What is the problem you are having with rclone?

Hi,

I have the same problem that it has been already reported several times... Yet may-be a workaround exist that I am not aware:
I am trying to sync a S3 bucket to a loacl SSD. Problem is that there are millions of files (about 4 Millions) in root remote directory. RAM is growing and about 1 hour after command launch, the process is killed.
What is the way to synchronize in such situation (ton of files in 1 directory)

thanks

Run the command 'rclone version' and share the full output of the command.

rclone v1.61.1

os/version: ubuntu 20.04 (64 bit)
os/kernel: 4.4.180+ (x86_64)
os/type: linux
os/arch: amd64
go/version: go1.19.4
go/linking: static
go/tags: none

Which cloud storage system are you using? (eg Google Drive)

S3 (remote) - SSD (local)

The command you were trying to run (eg `rclone copy /tmp remote:tmp`)
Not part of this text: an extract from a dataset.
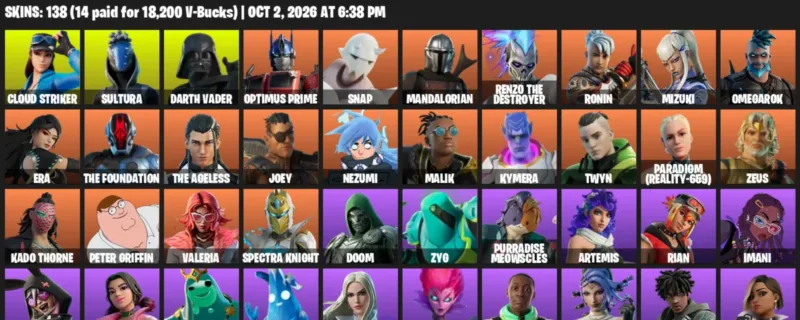 Fortnite account inventory for Cloud Striker - Sultura - 120 Outfits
sudo rclone sync --s3-disable-checksum --size-only minio:xxx/media/tracks /xxx/Tracks/

The rclone config contents with secrets removed.

Paste config here

A log from the command with the `-vv` flag

Paste  log here

asdffdsa · March 11, 2023, 5:20pm

hello and welcome to the forum,

this should not have issues with out of memory.

https://forum.rclone.org/t/recommendations-for-using-rclone-with-a-minio-10m-files/14472/4

rclone lsf -R source:bucket | sort > source-sorted
rclone lsf -R dest:bucket | sort > dest-sorted
comm -23 source-sorted dest-sorted > to-transfer
comm -12 source-sorted dest-sorted > to-delete
rclone copy --files-from to-transfer --no-traverse source:bucket dest:bucket
rclone delete --files-from to-delete --no-traverse dest:bucket

note: for testing,

add --dry-run to these two commands, rclone copy|delete --dry-run ...
use a debug log --log-level=DEBUG --log-file=/path/to/rclone.log

darrepac · March 11, 2023, 7:44pm

Very interesting, many thanks. Indeed such "manual" sync should do the trick.

Just a small remark

Should be
comm -13 source-sorted dest-sorted > to-delete

asdffdsa · March 11, 2023, 7:49pm

yes, i like that wording, sounds ok to me.
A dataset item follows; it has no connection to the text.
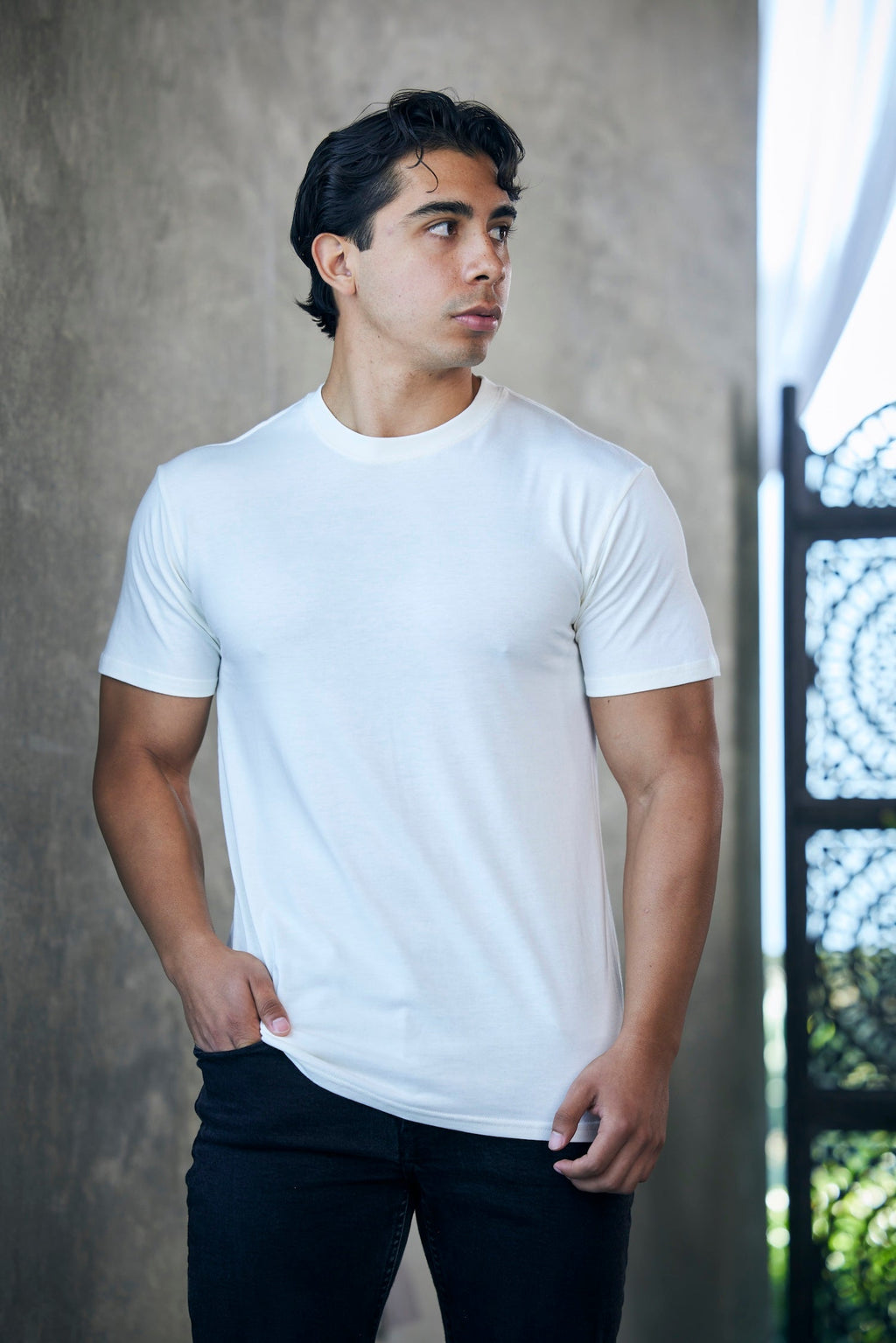 Men's Bamboo T-Shirt — Organic Cotton Blend, Classic Cut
sorry, above my skill level....
tho, if you tweak the script, then please post it here, i can link to that.....

ncw · March 12, 2023, 3:15pm

Note that rclone will use roughly 1G of ram per million files, so you'll need 4G of RAM (maybe twice that) to sync 4 million files.

Otherwise it should work fine.

darrepac · March 13, 2023, 8:39am

Here is the corrected script

asdffdsa:

rclone lsf -R source:bucket | sort > source-sorted
rclone lsf -R dest:bucket | sort > dest-sorted
comm -23 source-sorted dest-sorted > to-transfer
comm -13 source-sorted dest-sorted > to-delete
rclone copy --files-from to-transfer --no-traverse source:bucket dest:bucket
rclone delete --files-from to-delete --no-traverse dest:bucket

darrepac · March 27, 2023, 9:38am

I think this command can be optimized because it is currently taking hours to "copy" less than 400 small files.
Isn't any flag that can be used to optimized it?

asdffdsa · March 27, 2023, 1:19pm

--- hard to be sure, without seeing the debug log.
--- perhaps split to-transfer into smaller files, run rclone copy against that.
--- perhaps do not use --no-traverse
"if you are copying a large number of files, especially if you are doing a copy where lots of the files under consideration haven't changed and won't need copying then you shouldn't use --no-traverse."

system · April 26, 2023, 1:19pm

This topic was automatically closed 30 days after the last reply. New replies are no longer allowed.